What’s Happening on Main Streets

Recalling how old timers would affirm that… as you age, time flies by more rapidly with each passing year. How right they were. The year of 2018 now sits in the rearview mirror while improved technology eliminates many of life’s inconveniences. However, new ones emerge. Once upon a time, an automobile reaching 100,000 miles was a sure sign that breakdowns and costly repairs would be upon you. Every young man needed to be well acquainted with the art of changing a flat tire and checking engine oil levels. Use of pay phones and having your photographs developed was commonplace. Not now. A clairvoyant couldn’t envision how robocallers and grotesquely over-packaged consumer products would become today’s nuisances. The New Year is the perfect time to pause and contemplate.
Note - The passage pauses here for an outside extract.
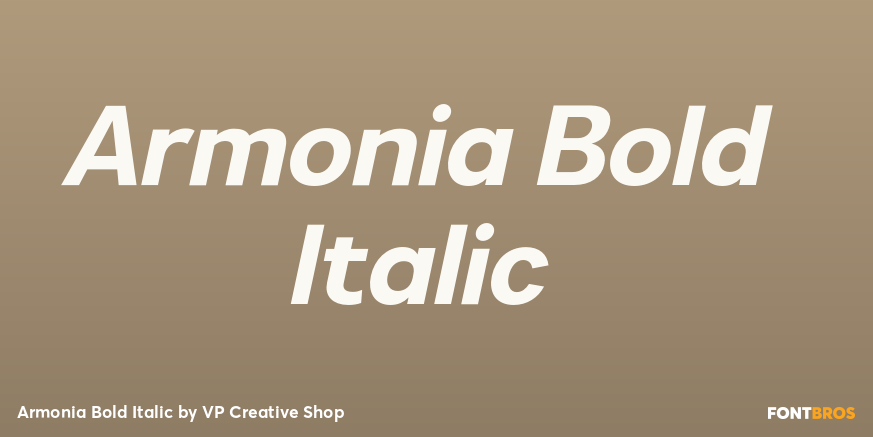 Armonia Bold Italic Font Poster #1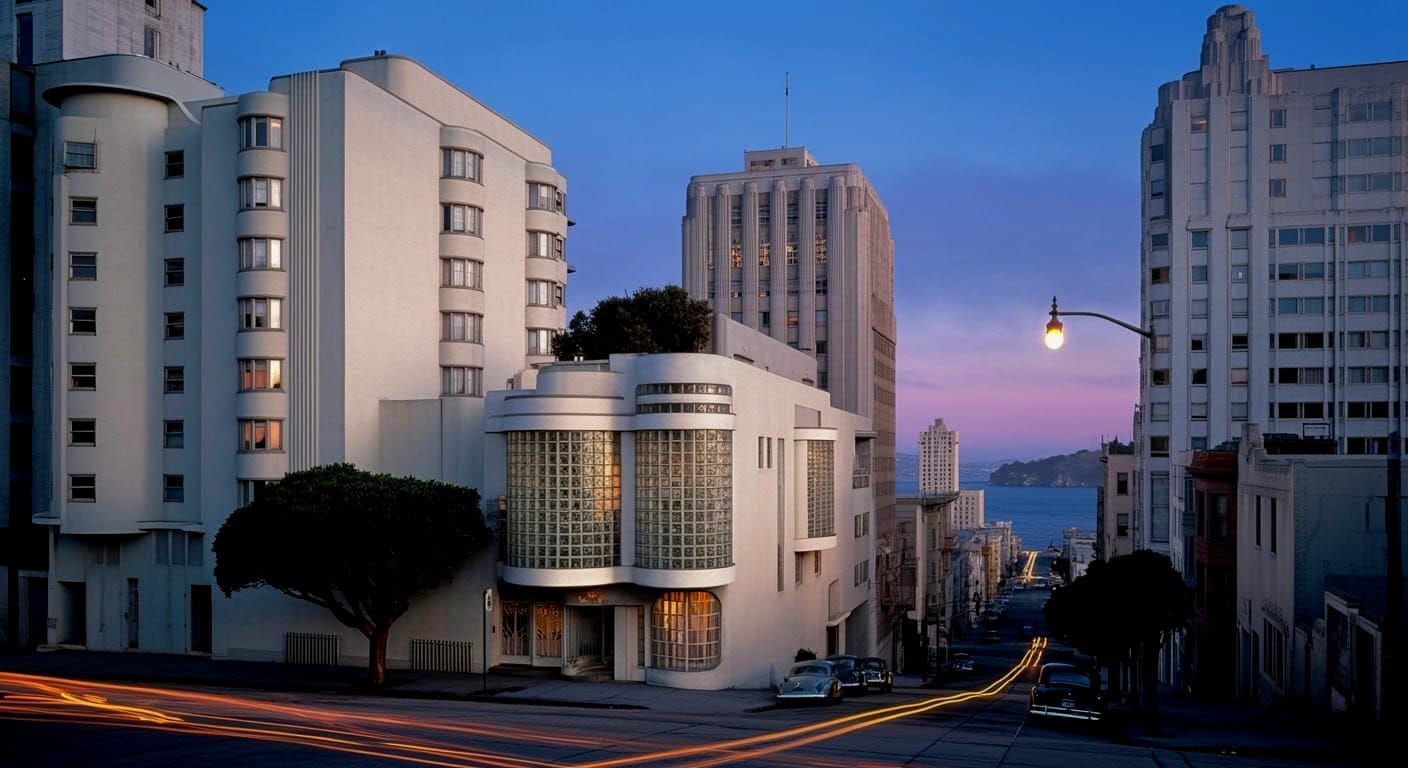San Francisco Architecture: Streamline Moderne and Art Deco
At December’s Community Alliance meeting Chad Rosner asked attendees to introduce themselves and indicate what you are grateful for. Someone said he was glad “to see the boarded-up K of C building on Tremont Street is finally no more!” Most heads in the meeting nodded in agreement and another longtime remnant of the landscape disappears. With very little rancor the final 2018 meeting voiced approval for expanding Dome Nakapakorn’s Laughing Monk hours and the addition of cordial sales. Joe and Elizabeth Silveira, longtime owners of the two Dunkin’ shops on Tremont Street, were well received as proprietors of a shop to be located at the street level of the new 33-35 South Huntington apartment building. Nicholas Chen and Christy Henry proposed opening the Tavern of Tales at 1478 Tremont Street. The application for a beer, wine and cordial application was discussed with a very favorable reception. The Tavern concept of a warren of rooms with electronic and board games along with light food and refreshments on the ground level of Jason Savage’s handsome building at the old Clutchworks site is intriguing and met with widespread encouragement. A proposal to construct nine condominium units in a four-story brick structure at the long vacant lot at 101 Heath Street at the corner of Bickford Avenue won kudos for promoting home-ownership opportunities, something rarely seen around these parts.

I received many comments from locals who loved the attractively-decorated 8’ tall birch trees in the lobby of Brigham and Women’s Hospital adorned with dozens of ornaments celebrating the Mission Hill neighborhood. The hospital wished to acknowledge its 20-year partnership with Mission Hill Main Streets as our Corporate Buddy. The hospital estimates that nearly 30,000 people will have seen this exhibit over the holidays. MHMS is extremely proud of its affiliation with this globally recognized medical institution and engaged corporate citizen. Special thanks goes to three talented professionals who always make BWH look good: Wanda McClain, Shirma Pierre and Amanda Mitchell.

A dear friend sent a note jabbing the needle into me about our mutually persistent promises to make time to get together for dinner. Our lives have intersected in many ways since high school days and in his note he referred to that maudlin “old poem Tip would recite.” My pal Bill is one of those brilliant guys who can cleverly provoke the response he wants without offending you.

The Tip that Bill referred to was former Speaker of the U.S. House Thomas P. “Tip” O’Neill of North Cambridge. Poetry reciter Tip passed away 25 years ago this month. Memories of him are vivid to me and for others of my generation who yearned to emulate his distinguished public service. This month Ayanna Pressley will be filling the seat formerly held by the great O’Neill. Charles Hanson Towne, a popular poet at the turn of the 20th century, composed “Around the Corner” which Tip would recite to exhausted audiences after prolonged evenings of political oratory. Here’s how the poem goes:

“Around the corner I have a friend, In this great city that has no end, Yet the days go by and the weeks rush on, And before you know it, a year is gone.

And I never see my old friend’s face, For life is a swift and terrible race, He knows I like him just as well, As in the days when I rang his bell.

And he rang mine but we were younger then, And now we are busy, tired men. Tired of playing a foolish game, tired of trying to make a name.

“Tomorrow” I say! “I will call on Jim. Just to show that I’m thinking of him”, But tomorrow comes and tomorrow goes, And distance between us grows and grows.

Around the corner, yet miles away, “Here’s a telegram sir” “Jim died today.” And that’s what we get and deserve in the end. Around the corner, a vanished friend.”

One resolution I intend to keep this year will be to enjoy dinner with my friend Bill. Happy 2019!